▶ **Action item**: Copy out exactly the stretch of the listing below that begins at the line containing "Bureau d'angle réversible" and ends at the line containing "FIFA World Cup", and copy nothing outside it.

▶ **Material to process**:
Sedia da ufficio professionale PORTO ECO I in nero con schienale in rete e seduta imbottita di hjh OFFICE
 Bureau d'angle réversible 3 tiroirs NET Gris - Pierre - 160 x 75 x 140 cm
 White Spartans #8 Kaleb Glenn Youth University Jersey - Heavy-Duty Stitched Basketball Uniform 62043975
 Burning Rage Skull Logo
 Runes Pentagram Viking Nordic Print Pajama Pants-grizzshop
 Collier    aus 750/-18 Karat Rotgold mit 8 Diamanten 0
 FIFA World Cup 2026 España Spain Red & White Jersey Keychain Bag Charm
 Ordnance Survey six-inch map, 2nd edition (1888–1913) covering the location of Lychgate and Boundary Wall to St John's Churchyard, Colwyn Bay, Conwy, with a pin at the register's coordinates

▶ **Solution to this task**:
 Bureau d'angle réversible 3 tiroirs NET Gris - Pierre - 160 x 75 x 140 cm
 White Spartans #8 Kaleb Glenn Youth University Jersey - Heavy-Duty Stitched Basketball Uniform 62043975
 Burning Rage Skull Logo
 Runes Pentagram Viking Nordic Print Pajama Pants-grizzshop
 Collier    aus 750/-18 Karat Rotgold mit 8 Diamanten 0
 FIFA World Cup 2026 España Spain Red & White Jersey Keychain Bag Charm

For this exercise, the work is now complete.